Dici cotoletta dici Milano. Quando sono approdata in questa città, tutti mi parlavano della Cotoletteria: un posto in cui si poteva mangiare la cosiddetta cotoletta orecchia d’elefante guarnita “stile pizza” (così qualcuno l’aveva definita) come preferivi: pomodorini e rucola, scamorza e radicchio, asiago e funghi…insomma ce n’era per tutti i gusti!! Quasi fosse una tappa obbligatoria per conoscere la città (dopo il Duomo e il Castello), la Cotoletteria veniva esplorata come luogo simbolo di questa città. La prenotazione era d’obbligo: difficile trovare posto, soprattutto nel week end. Ad accoglierti un uomo anziano, un po’ burbero, che dirigeva la sala e ti faceva accomodare. La scelta era tra cotoletta di maiale, di vitello e di pollo. Ad accompagnarla, come contorno, a scelta un’insalata o delle patate al forno. Lo stile del ristorante era piuttosto retrò, in ricordo della Milano bene che fu. In ogni caso, l’idea della cotoletta ricoperta di ingredienti vari era carina e saporita. Tutto ciò accadeva tre anni fa, all’incirca.

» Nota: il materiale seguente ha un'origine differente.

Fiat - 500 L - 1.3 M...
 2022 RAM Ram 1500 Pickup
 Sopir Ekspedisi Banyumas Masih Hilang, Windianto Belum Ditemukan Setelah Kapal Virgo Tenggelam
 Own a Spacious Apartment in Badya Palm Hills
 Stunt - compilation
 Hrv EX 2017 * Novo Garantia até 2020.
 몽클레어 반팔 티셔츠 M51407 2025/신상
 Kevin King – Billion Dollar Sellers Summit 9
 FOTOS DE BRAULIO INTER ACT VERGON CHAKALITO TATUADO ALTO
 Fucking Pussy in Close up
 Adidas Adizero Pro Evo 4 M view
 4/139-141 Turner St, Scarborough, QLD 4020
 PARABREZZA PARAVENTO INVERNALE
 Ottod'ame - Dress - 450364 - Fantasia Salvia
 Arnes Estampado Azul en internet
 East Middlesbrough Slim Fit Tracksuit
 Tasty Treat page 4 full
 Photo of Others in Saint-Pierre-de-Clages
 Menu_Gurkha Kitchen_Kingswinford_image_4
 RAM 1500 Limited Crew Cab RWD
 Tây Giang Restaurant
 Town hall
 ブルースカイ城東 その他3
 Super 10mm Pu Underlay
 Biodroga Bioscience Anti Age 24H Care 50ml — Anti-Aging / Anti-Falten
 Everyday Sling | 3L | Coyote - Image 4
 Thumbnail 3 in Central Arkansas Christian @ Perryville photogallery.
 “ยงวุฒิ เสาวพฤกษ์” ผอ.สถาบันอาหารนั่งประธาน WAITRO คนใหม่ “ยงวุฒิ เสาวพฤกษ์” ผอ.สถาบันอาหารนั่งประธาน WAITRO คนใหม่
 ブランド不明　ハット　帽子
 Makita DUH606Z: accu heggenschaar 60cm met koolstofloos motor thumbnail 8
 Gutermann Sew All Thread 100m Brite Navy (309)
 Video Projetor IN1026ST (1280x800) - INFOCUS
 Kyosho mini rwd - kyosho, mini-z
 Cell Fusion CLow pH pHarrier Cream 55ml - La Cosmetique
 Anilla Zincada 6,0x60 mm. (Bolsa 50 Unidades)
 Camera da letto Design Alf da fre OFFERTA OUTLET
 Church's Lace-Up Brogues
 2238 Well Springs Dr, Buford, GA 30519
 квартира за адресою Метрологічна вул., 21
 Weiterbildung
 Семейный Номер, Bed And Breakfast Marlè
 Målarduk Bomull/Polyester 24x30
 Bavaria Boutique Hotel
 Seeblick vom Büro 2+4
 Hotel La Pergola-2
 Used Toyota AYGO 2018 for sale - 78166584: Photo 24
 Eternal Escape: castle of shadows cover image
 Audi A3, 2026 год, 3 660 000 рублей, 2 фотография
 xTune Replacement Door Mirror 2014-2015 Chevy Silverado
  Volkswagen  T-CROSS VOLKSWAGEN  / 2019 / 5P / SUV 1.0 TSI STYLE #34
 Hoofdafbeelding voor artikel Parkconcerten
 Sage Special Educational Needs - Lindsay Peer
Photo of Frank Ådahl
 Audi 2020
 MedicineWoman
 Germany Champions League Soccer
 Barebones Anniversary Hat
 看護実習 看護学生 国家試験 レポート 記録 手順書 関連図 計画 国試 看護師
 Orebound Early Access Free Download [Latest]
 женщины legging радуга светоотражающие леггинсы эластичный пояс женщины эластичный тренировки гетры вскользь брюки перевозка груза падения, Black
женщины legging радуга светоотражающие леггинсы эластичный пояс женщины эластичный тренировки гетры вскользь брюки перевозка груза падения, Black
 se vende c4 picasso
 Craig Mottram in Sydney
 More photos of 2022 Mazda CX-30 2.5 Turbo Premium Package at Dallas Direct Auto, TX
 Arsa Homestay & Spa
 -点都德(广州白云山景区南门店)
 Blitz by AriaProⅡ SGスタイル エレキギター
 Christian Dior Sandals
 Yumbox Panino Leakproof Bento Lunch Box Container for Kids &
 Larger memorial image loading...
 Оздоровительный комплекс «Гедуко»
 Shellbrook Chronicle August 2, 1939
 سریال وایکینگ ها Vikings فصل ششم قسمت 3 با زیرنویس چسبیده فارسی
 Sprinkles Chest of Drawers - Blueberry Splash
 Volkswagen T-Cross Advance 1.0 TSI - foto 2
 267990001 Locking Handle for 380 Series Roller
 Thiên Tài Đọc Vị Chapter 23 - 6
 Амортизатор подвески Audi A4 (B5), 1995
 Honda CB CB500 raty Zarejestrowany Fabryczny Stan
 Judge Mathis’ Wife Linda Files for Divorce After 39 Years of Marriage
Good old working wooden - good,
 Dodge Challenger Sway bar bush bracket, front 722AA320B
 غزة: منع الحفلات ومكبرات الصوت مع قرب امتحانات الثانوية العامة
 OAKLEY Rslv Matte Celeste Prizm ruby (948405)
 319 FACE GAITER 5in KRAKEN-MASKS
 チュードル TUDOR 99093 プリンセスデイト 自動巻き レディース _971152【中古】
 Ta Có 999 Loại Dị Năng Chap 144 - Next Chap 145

Sono tornata alla Cotoletteria qualche settimana fa: locale completamente vuoto (altro che gara per riuscire ad entrarci, qui rimbombavano le nostre voci), sbiadito, invecchiato, anche se dell’anziano milanese non c’è più l’ombra. Una nuova gestione probabilmente. Cotolette solo di maiale, le ottime patate al forno di una volta sostituite da patate secche e bruciate. Ciliegina sulla torta: la tartare di manzo servita senza essere stata tagliata a cubetti, ma come fosse appena uscita dalla macelleria. Inguardabile, disgustosa.
Eppure, una nuova gestione avrebbe potuto regalare a questo ristorante un tocco di novità a cominciare dall’arrendamento, troppo antiquato per avere successo oggi, senza trascurare la qualità del cibo.